Amazon.co.jp: 私の死体を探してください。 : 星月渉: 本

 ここからはネタバレになりますが、ミステリー作品ですので、どんな作品か知りたいという方が読んでも本編の謎が特定されてしまうことに関しては書いていないつもりです。

 それでも、見たくないという方は戻ってくださいね。

 まず、とにかくドキドキがものすごかったです。

 読み進めていくうちにオリンピックでスケボーのベストトリックを見た解説さんみたいに「やーばー」と何度もうなり続けました。

 もう、続きが気になって仕方がなくて、読むのを止めることができないんです。

 時々入る麻美さんの過去小説で物語が切り替わるので、それがないと落ち着くこともできませんでした。

 自分はミステリージャンルに関して全く詳しくはないのだけど、物語の随所にちりばめられた麻美さんの仕掛けになるほどと頷いてばかりでした。

 私が一番感情移入しちゃったのは実は編集の池上さんです。

 頭はすごくよくて仕事ができそうなのに時々やらかしてしまうミスが最悪の方向に行ってしまうのが読んでてとてもかわいそうで……。

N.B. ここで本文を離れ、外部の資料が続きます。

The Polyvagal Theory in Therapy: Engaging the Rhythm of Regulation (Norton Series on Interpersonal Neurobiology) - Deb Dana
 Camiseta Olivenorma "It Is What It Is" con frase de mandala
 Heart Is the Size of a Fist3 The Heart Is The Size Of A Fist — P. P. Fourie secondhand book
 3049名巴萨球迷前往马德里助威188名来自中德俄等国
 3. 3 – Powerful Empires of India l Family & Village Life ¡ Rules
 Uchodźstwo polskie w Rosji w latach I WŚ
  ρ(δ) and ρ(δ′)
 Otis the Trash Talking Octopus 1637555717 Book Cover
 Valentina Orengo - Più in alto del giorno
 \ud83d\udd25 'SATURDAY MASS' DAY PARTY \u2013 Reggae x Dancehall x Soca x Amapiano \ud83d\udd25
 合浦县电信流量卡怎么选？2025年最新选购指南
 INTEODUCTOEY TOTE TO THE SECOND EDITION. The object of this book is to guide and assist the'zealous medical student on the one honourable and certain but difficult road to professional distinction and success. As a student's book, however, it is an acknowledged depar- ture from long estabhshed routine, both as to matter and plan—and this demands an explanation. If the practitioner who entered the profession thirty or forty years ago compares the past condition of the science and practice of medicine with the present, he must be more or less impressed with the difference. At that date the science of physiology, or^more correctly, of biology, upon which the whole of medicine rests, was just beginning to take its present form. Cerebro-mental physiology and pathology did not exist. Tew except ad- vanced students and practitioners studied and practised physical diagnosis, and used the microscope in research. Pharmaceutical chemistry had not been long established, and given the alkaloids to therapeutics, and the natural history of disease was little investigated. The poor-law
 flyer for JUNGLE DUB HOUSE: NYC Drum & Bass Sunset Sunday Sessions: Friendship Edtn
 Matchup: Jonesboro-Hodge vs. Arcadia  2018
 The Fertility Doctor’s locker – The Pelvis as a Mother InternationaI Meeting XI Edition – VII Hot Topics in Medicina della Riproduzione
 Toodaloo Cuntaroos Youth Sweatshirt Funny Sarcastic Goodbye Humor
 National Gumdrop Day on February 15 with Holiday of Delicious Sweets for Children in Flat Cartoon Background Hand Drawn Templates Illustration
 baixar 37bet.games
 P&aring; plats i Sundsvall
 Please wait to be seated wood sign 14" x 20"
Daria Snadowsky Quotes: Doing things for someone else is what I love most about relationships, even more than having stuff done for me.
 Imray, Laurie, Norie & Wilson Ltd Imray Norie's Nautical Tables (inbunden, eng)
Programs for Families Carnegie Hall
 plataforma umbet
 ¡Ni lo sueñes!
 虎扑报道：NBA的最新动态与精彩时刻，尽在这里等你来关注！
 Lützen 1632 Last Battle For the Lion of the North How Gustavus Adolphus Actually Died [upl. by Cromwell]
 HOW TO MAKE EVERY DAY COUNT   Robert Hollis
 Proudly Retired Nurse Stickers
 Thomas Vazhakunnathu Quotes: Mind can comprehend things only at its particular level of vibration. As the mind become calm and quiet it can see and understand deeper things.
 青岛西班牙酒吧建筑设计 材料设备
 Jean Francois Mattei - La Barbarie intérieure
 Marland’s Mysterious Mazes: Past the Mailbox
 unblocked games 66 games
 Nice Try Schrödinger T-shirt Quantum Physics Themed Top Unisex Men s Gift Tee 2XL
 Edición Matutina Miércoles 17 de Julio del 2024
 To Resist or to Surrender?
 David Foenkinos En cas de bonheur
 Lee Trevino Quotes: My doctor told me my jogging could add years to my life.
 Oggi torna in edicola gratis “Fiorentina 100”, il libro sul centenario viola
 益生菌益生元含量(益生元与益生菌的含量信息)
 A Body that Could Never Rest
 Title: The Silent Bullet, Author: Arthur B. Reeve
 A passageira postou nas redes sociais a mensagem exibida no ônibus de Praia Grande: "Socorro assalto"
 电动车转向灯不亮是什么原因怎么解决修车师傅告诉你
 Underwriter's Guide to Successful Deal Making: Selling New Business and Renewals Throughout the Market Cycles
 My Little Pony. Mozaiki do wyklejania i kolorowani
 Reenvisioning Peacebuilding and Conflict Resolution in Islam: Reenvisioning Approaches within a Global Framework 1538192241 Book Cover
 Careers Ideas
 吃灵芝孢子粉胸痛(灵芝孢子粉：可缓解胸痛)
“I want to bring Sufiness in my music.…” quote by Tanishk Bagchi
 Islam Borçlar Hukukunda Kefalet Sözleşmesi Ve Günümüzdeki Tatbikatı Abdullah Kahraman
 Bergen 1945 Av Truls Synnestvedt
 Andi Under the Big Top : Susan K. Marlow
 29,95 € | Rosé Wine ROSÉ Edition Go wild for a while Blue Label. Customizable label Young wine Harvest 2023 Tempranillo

 しかもその細かいミスさえも池上さんが全面的に悪いとは言えないようなものばかりだから余計にキツイ感じで、思わず頑張ってと応援したくなったのです。

 登場人物の心理描写もすごくて、騙された方は騙されてなんかいませんよと言うよねという感じなんかも興味深く魅せられていきました。

 物語の最後は運命のレールは組まれてしまったのだけど、違う未来もあったんじゃないのかなと感じさせるラストで、私の心の中にこの物語が残り続けていくんだろうなという余韻を感じました。

 とにかくすごいからたくさんの人に読んでほしいです。